Closed ArsenLuca closed 4 years ago
Besides, as in the codes:
if args.pi == True:
temp = args.lambda_pi*self.criterion_pixel_wise(self.preds_S, self.preds_T, is_target_scattered = True)
self.pi_G_loss = temp.item()
G_loss = G_loss + temp
if args.pa == True:
#for ind in range(len(args.lambda_pa)):
# if args.lambda_pa[ind] != 0.0:
# temp1 = self.criterion_pair_wise_for_interfeat[ind](self.preds_S, self.preds_T, is_target_scattered = True)
# self.pa_G_loss[ind] = temp1.item()
# G_loss = G_loss + args.lambda_pa[ind]*temp1
# elif args.lambda_pa[ind] == 0.0:
# self.pa_G_loss[ind] = 0.0
temp1 = self.criterion_pair_wise_for_interfeat(self.preds_S, self.preds_T, is_target_scattered = True)

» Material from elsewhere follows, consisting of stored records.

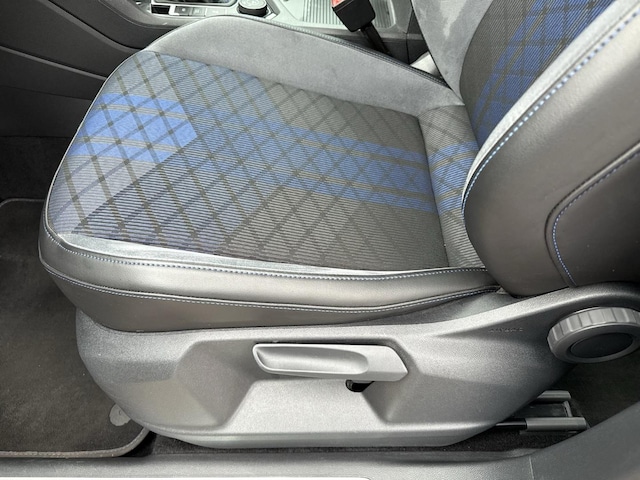 Volkswagen Tiguan R-Perform. - Akrapovic DCC- Fahrwerk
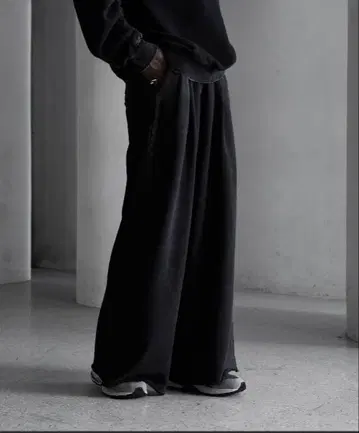 2tuck Cutoff Sweat Slacks L 사이즈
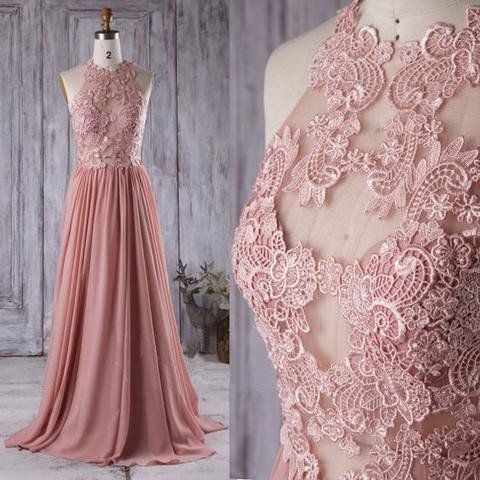 Il colore del vestito da sposa 2018 è il "rosa nostalgia"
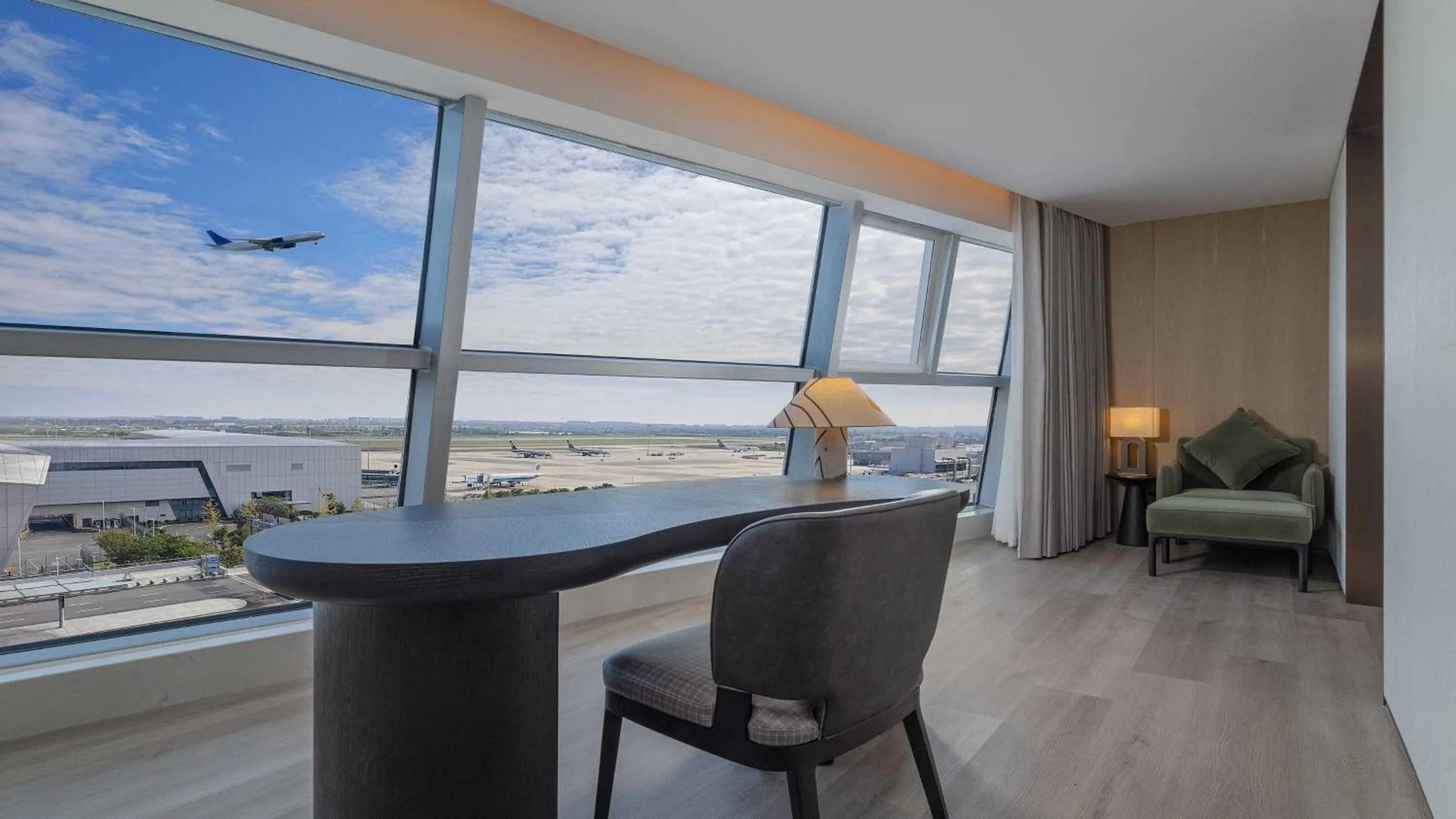 Photo of the whole room in Holiday Inn Wenzhou Airport by IHG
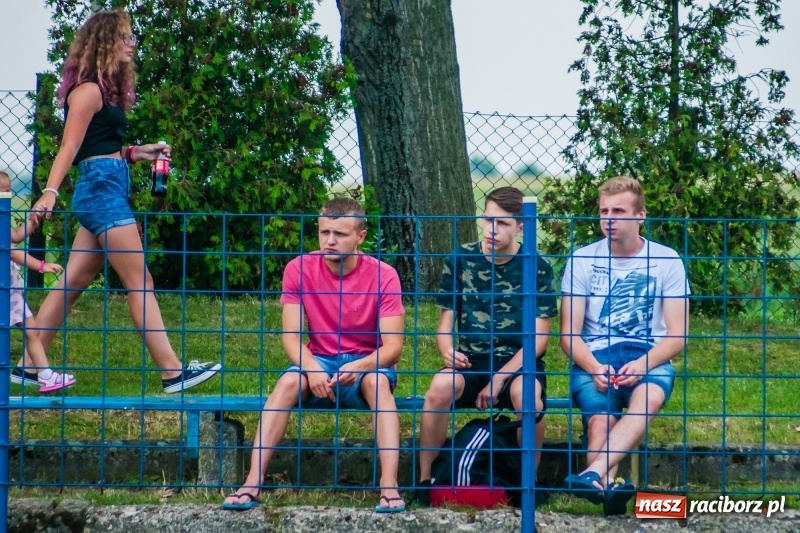 Zdjęcie w galerii na portalu naszraciborz.pl: Festynowe strzelanie w Krzanowicach wiadomości z regionu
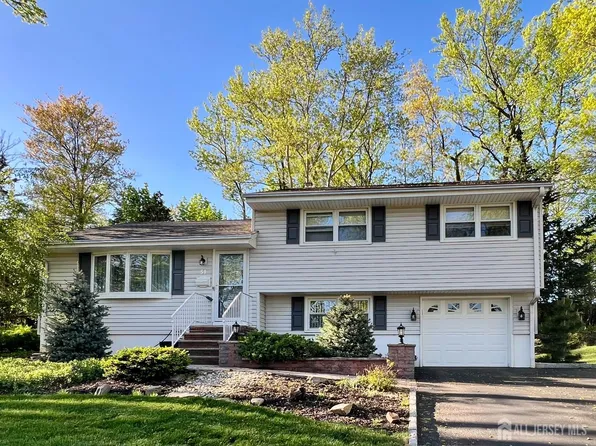 51 Salem Ct, Metuchen, NJ 08840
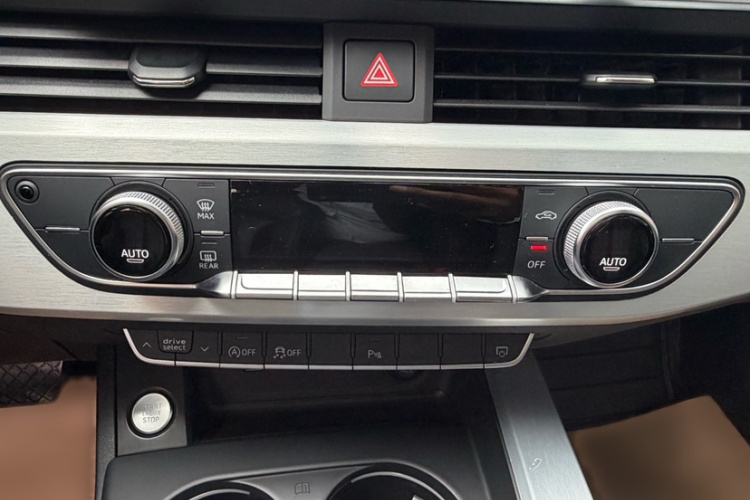 奥迪A4L 2022款 40 TFSI 时尚动感型中控内饰7004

self.pa_G_loss = temp1.item()
G_loss = G_loss + args.lambda_pa*temp1
It seem that the weight of pixel-wise loss is args.lambda_pi(10) and the weight of pair-wise loss is args.lambda_pa(0.5), while in the paper they share the same weight lambda1(10) in Eq. 4 @irfanICMLL
Except what you mentioned for pixel distillation loss, I also find a strange setting for pixel distillation loss. https://github.com/irfanICMLL/structure_knowledge_distillation/blob/ce208e1e5ba9177ecfc42519a2c64148d396fb71/utils/criterion.py#L225 Pixel distillation loss is not divided by the batch size N, while other losses have been divided by N. Combined with what @ArsenLuca mentioned, pixel distillation loss is with a large loss weight: *lambda_pi N, which should be why the value of pixel distillation loss dominates the total loss value.**
The pixel-wise loss does not demonstrate generator training. If you try to remove the GAN and the pa loss, the results will become worse. The value of it is very large due to the new reproduce version. However, the main idea of using structure knowledge in knowledge distillation still works in this setting. We vary the loss weight, it will affect the results, but not much.
As paper states, the lambda_pi = 10, so the pixel-wise loss dominates during the generator training process. Is it OK?